### Activity
Which lines run from the one containing "Linen Breeze Polo" through the end of the data? Write them out exactly, with the pictures left out.

### The input
= Beginning of Section =

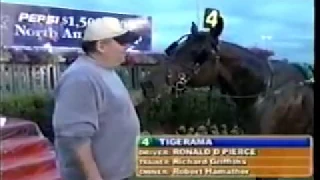 2005 Woodbine TIGERAMA Canadian Pacing Derby Elimination Ron Pierce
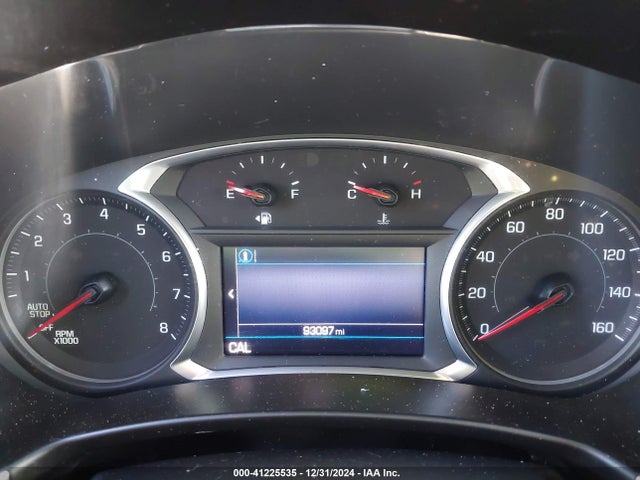 Chevrolet EQUINOX LT 2019 3GNAXUEV4KS500483 Image 7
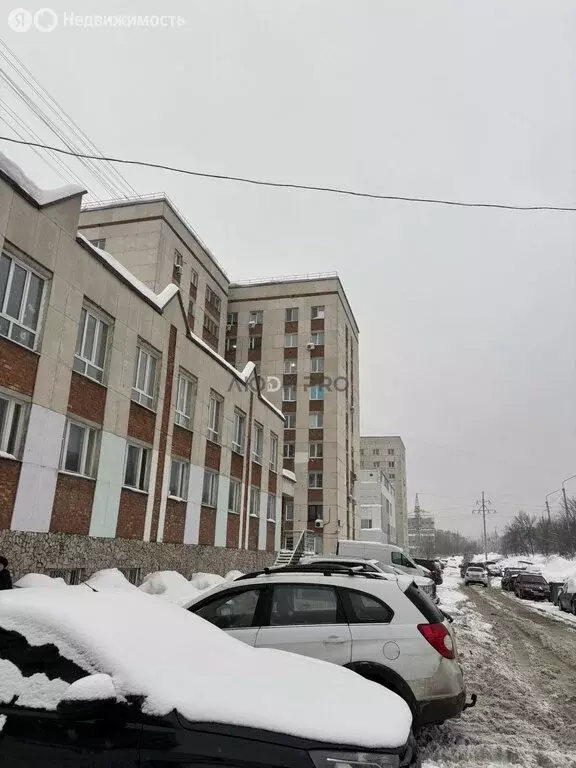 1-комнатная квартира: Уфа, Российская улица, 151 (34 м) - Фото 2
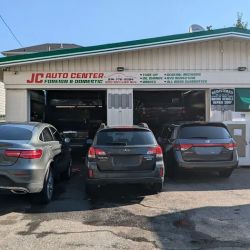 JC Auto Center ico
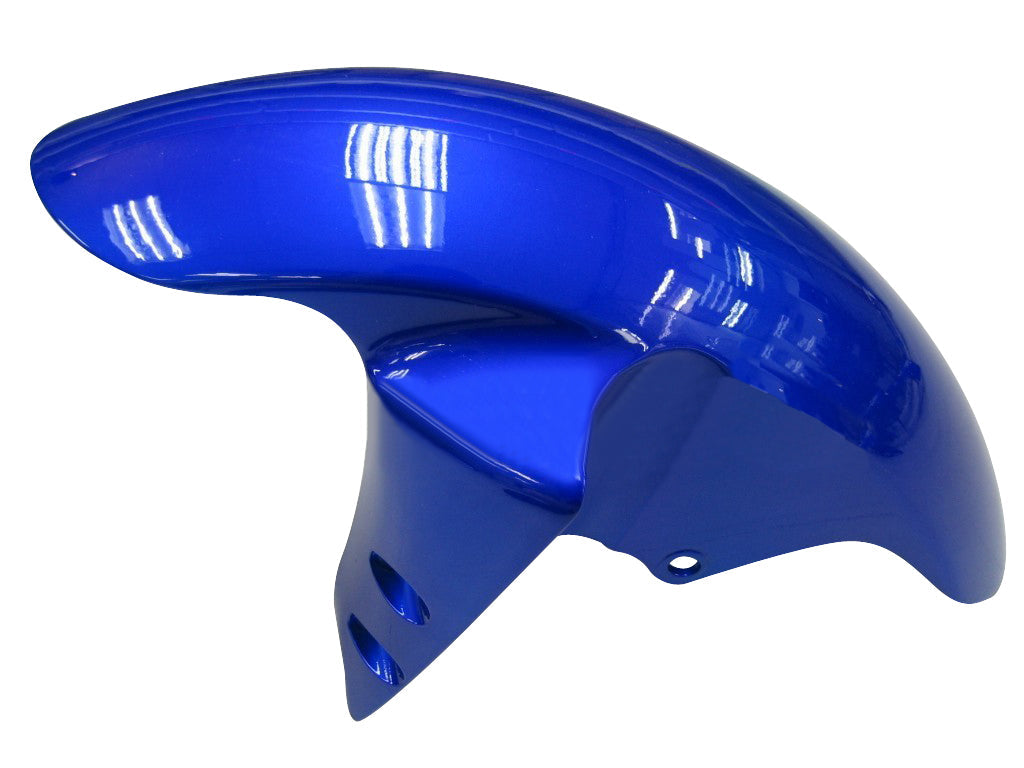 Carénages Amotopart 2004-2006 Yamaha YZF-R1 Bleu Blanc R1 Generic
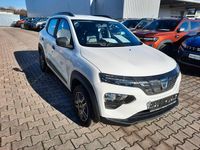 Gebraucht Dacia Spring Comfort 33 kW (45 PS) 2021 Polarweiß Kleinwagen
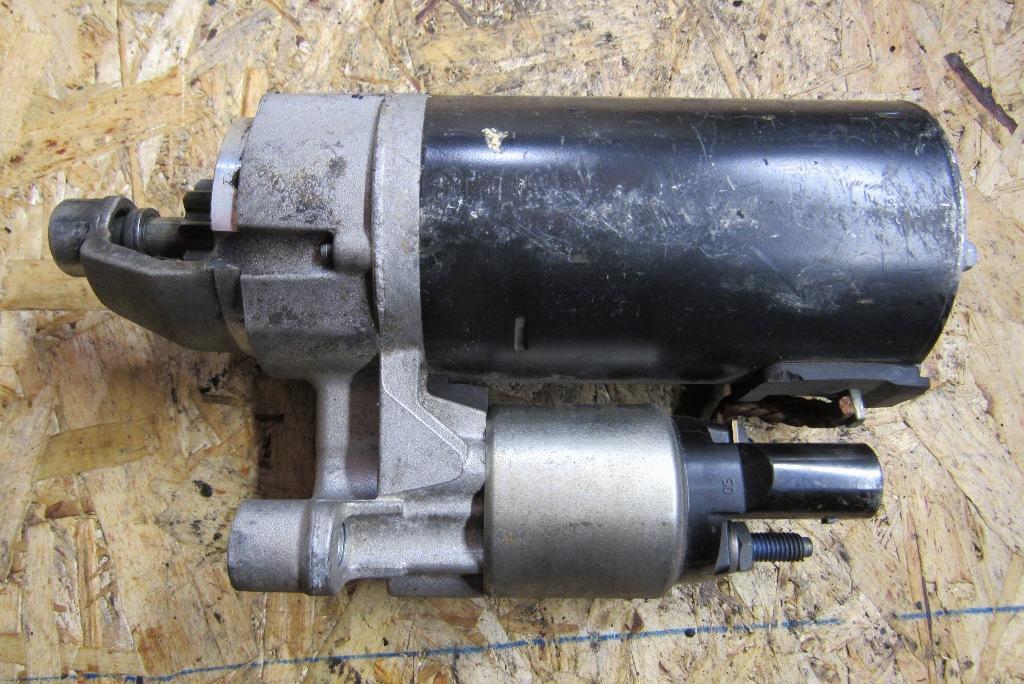 стартер Audi A8 D4/4H 2011, 3.0 л., CLAB, дизель, седан, 059911021G - фото №1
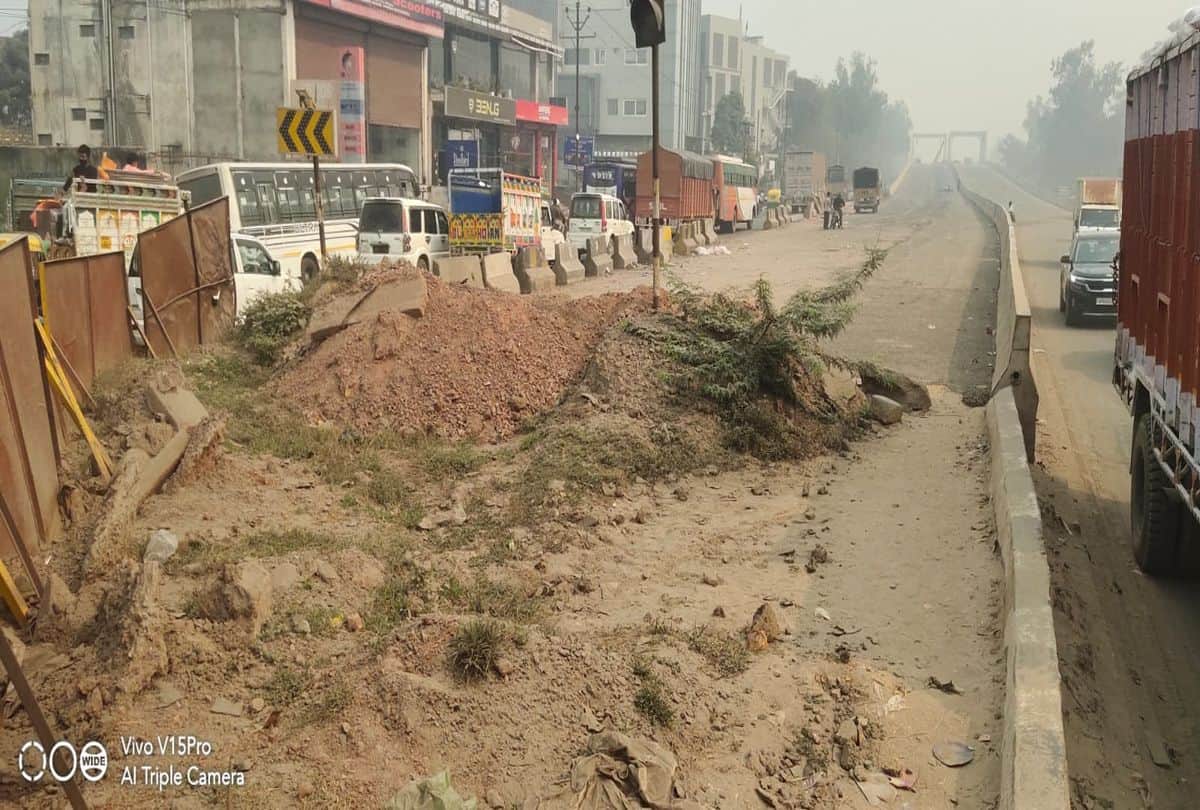 Agra Pollution Increased From Five Days No Plan For Reduce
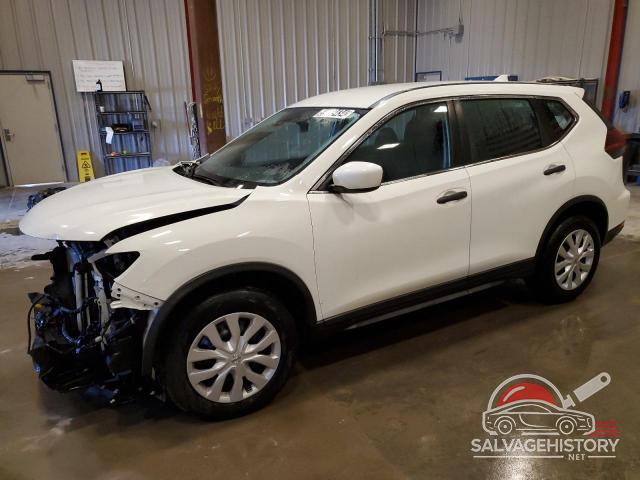 5N1AT2MT8LC813211 2020 NISSAN ROGUE photo no. 18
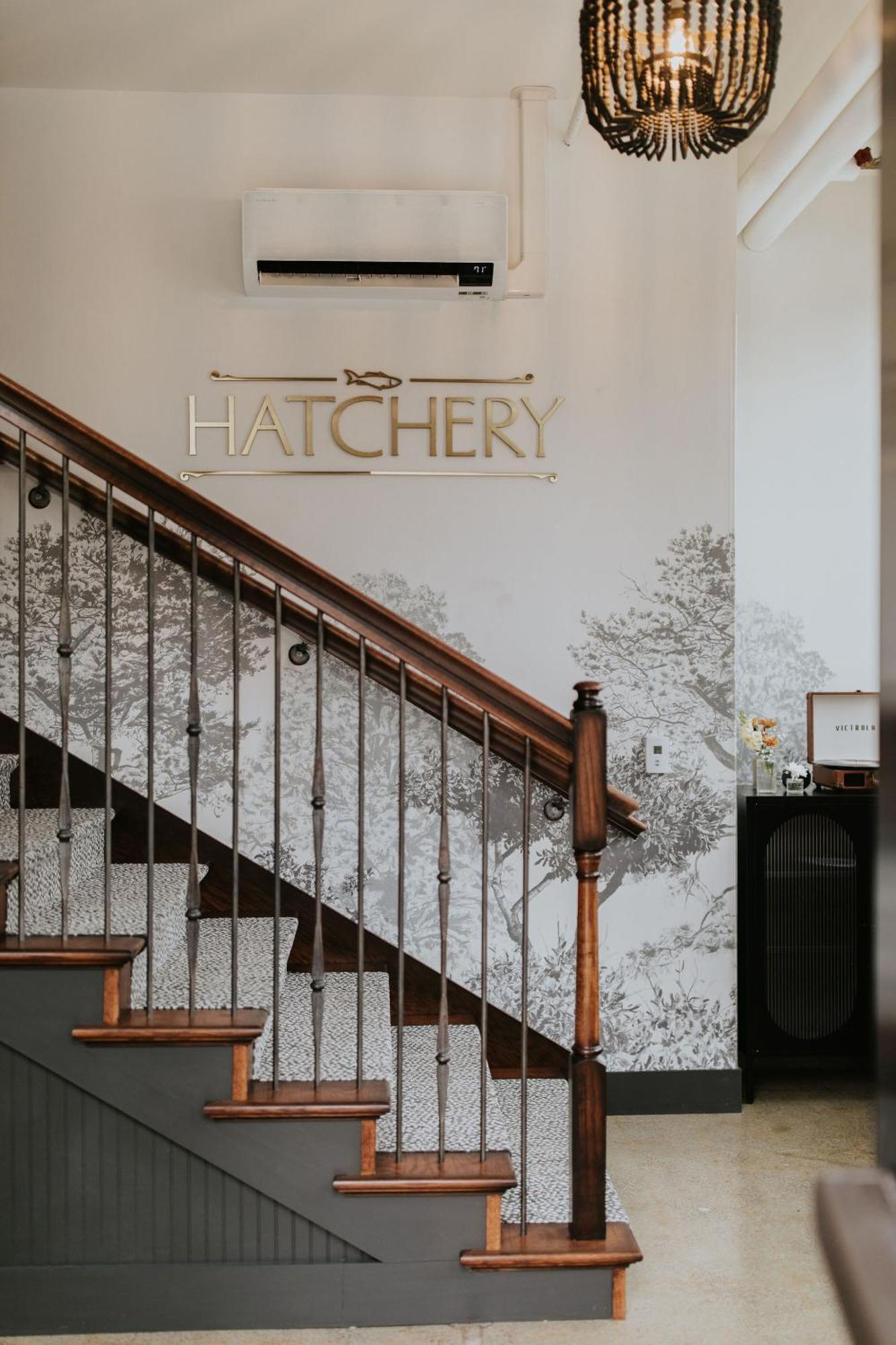 Hatchery Hotel & Event Center ลาครอส ภายนอก รูปภาพ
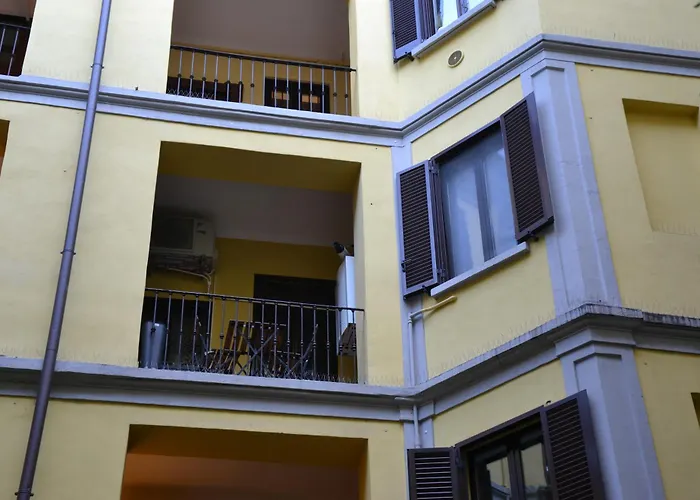 Daire Bubi House Porta Romana *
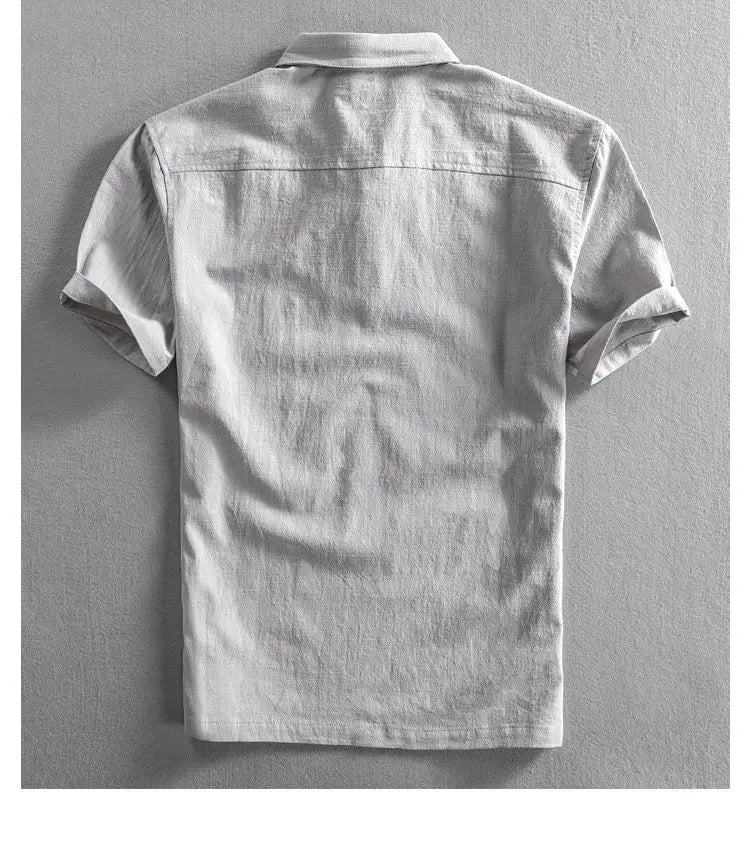 Linen Breeze Polo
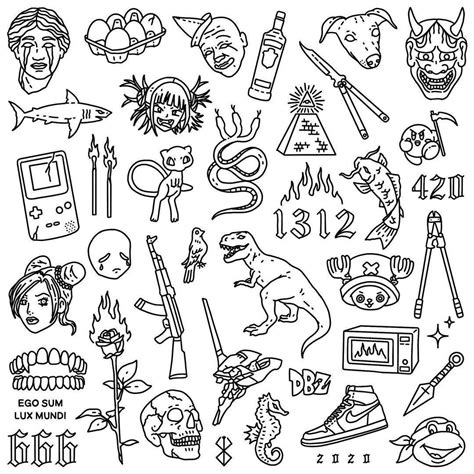 30piece Random Sticker Pack By Designsbymegsbits On Etsy In 2021
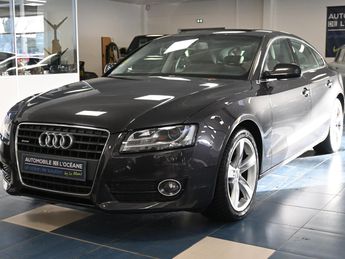  Voir d&eacute;tails -Audi A5 Sportback 2.0 TDI 170 DPF Ambition Luxe  &agrave; Saint-Saturnin (72)
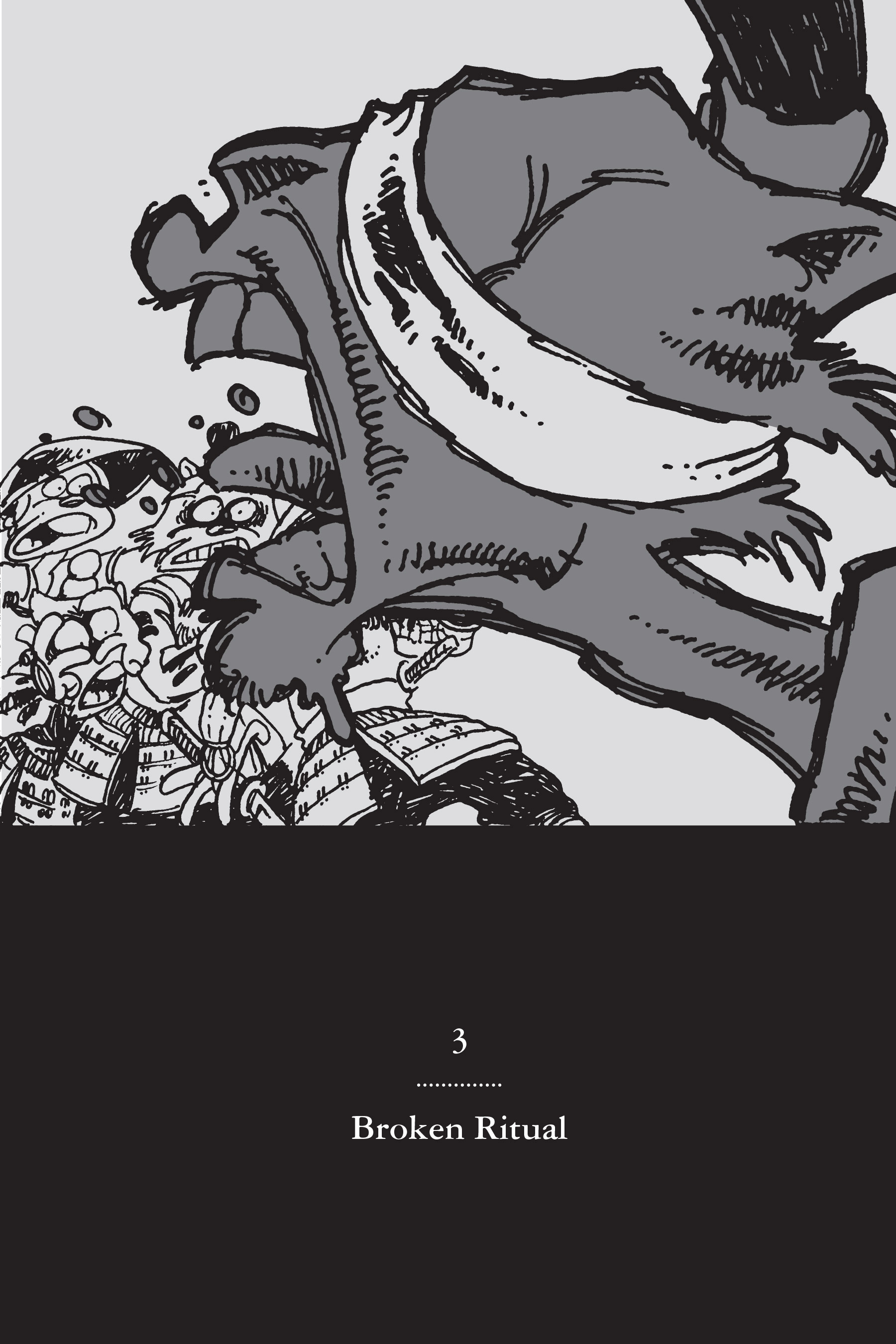 Read online Usagi Yojimbo (1987) comic -  Issue # _TPB 7 - 37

= End of Section =

### Answer to this problem
 Linen Breeze Polo
 30piece Random Sticker Pack By Designsbymegsbits On Etsy In 2021
  Voir d&eacute;tails -Audi A5 Sportback 2.0 TDI 170 DPF Ambition Luxe  &agrave; Saint-Saturnin (72)
 Read online Usagi Yojimbo (1987) comic -  Issue # _TPB 7 - 37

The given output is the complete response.